Not sure why the debug didn't take, do I need to do anything more than passing that to cmake?

capveg commented 6 years ago

Sorry for the slow reply to this. I'm also surprised that the debug symbols didn't pop up for this - let me figure that out in parallel. Looking at the code and the error, I think the patch below may help. I'm trying to test it locally, but our ability to emulate a non-facebook setup inside facebook is limited :-(

If you get a chance to test this before I do, please let me know if it fixes the problem.

diff --git a/fbcode/fboss/agent/hw/bcm/oss/BcmControlPlaneQueueManager.cpp b/fbcode/fboss/agent/hw/bcm/oss/BcmControlPlaneQueueManager.cpp
--- a/fbcode/fboss/agent/hw/bcm/oss/BcmControlPlaneQueueManager.cpp
+++ b/fbcode/fboss/agent/hw/bcm/oss/BcmControlPlaneQueueManager.cpp
@@ -20,8 +20,9 @@

 std::shared_ptr<PortQueue> BcmControlPlaneQueueManager::getCurrentQueueSettings(
     cfg::StreamType /*streamType*/,
-    opennsl_cos_queue_t /*cosQ*/) const {
-  return std::shared_ptr<PortQueue>{};
+    opennsl_cos_queue_t cosQ) const {
+  // stub implementation - depends on newer OpenNSL
+  return std::make_shared<PortQueue>(cosQ);
 }
capveg commented 6 years ago

also, if you could please create a new issue for the qsfp_service segfault. Even if it is because you have a funky optic, it still shouldn't segfault. I won't promise I can fix it promptly, but still good to track.

Thank you again!

bluecmd commented 6 years ago

Done, #77 . I'm compiling with your patch right now - I had to pull my OpenNSL 3.5.0.1 changes as well, but I guess they should be orthogonal to this issue.

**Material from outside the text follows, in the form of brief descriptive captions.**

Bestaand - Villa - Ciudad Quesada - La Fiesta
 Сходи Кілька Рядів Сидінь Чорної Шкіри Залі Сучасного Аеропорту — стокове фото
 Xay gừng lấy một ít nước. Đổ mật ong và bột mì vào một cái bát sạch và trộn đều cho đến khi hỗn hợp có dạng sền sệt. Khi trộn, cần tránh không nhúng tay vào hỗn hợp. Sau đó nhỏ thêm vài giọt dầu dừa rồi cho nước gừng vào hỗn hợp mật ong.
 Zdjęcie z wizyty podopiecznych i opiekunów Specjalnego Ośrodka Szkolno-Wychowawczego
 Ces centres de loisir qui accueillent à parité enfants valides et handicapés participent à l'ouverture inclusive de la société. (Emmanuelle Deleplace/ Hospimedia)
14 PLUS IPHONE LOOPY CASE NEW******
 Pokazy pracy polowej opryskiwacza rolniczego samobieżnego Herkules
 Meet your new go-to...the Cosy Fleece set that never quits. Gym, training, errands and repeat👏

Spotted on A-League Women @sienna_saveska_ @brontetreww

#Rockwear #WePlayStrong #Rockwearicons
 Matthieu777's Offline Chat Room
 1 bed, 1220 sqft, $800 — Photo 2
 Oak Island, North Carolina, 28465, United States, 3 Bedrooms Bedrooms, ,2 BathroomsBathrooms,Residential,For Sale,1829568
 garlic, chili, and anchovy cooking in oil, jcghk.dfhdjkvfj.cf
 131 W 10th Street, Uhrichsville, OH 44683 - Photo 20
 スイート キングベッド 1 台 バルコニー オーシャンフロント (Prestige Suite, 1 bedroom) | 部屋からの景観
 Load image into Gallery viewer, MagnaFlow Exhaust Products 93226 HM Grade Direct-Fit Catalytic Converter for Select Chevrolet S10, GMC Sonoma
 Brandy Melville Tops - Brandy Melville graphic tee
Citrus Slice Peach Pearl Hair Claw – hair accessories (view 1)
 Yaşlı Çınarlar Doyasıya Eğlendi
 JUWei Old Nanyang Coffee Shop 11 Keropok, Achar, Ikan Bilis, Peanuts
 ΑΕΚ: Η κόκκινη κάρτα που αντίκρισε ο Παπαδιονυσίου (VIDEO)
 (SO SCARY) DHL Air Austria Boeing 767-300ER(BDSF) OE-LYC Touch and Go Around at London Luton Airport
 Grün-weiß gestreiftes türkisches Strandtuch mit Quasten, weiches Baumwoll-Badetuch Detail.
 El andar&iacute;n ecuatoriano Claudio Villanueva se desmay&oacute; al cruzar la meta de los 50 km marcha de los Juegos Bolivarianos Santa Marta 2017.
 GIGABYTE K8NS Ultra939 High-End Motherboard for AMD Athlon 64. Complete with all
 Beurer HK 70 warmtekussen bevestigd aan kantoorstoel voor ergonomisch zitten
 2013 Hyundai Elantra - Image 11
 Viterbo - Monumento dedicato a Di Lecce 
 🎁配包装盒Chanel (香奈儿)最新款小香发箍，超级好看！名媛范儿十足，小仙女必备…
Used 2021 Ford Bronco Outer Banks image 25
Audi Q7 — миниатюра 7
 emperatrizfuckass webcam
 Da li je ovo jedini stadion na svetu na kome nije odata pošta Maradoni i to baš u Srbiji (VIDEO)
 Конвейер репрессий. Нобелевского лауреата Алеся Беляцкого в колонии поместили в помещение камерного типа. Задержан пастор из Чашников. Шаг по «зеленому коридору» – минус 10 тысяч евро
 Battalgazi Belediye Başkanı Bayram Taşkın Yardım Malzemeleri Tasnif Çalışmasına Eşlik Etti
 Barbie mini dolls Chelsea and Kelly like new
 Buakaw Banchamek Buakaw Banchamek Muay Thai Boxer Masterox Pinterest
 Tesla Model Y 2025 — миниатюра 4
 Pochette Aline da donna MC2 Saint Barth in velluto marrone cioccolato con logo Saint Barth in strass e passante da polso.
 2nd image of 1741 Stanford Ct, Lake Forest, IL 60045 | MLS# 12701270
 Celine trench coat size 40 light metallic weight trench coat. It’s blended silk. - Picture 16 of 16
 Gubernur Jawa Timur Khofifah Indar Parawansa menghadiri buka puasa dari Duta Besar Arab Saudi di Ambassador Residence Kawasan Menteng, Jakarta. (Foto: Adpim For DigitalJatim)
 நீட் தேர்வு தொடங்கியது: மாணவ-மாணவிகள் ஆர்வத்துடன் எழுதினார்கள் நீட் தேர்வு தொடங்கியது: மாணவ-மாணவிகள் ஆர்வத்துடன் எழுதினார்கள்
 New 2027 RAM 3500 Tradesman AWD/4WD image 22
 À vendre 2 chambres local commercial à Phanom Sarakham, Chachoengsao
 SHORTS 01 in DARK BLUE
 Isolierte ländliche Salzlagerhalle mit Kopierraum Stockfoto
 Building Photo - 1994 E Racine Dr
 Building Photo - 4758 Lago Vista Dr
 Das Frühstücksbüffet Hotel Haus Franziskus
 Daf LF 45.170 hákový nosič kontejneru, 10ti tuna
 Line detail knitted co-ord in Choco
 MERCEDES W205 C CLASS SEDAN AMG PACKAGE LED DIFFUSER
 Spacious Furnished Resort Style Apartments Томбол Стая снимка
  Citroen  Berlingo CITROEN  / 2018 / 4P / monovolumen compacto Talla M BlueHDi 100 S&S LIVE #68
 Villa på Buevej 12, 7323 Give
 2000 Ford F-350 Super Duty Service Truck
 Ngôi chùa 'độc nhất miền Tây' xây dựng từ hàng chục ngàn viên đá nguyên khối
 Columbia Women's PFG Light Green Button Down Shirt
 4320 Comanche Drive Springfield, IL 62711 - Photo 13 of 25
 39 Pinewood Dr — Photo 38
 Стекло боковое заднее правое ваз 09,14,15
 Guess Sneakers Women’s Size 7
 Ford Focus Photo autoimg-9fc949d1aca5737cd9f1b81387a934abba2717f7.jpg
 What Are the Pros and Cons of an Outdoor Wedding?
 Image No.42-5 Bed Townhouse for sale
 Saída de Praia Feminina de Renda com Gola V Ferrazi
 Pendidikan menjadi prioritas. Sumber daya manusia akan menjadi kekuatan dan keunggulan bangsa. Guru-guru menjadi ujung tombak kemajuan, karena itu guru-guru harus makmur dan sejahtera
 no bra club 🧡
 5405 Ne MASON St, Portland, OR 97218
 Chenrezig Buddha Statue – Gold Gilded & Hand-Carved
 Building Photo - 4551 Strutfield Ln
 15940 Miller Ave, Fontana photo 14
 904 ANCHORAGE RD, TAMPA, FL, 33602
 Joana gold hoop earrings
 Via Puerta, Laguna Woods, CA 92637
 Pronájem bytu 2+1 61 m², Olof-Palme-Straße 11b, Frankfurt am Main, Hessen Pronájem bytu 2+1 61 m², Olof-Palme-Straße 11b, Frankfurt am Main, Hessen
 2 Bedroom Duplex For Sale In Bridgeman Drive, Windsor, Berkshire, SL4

bluecmd commented 6 years ago

@capveg The patch seems to not work sadly, https://gist.github.com/bluecmd/bd16185170dff642de197e34349aa14c

I wish the stack trace could be more useful. Granted, that particular build I did not run with the cmake debug settings, I can try to re-do that and spend some time to see if I can get line numbers if you feel it would be the next logical step.

cubic1271 commented 6 years ago

Quick note to say that I'll echo this behavior (and this trace) on a Wedge 100 and using the master current as of around a month ago. Stack trace is similarly not very useful. I did try to apply the patch described above with no useful results.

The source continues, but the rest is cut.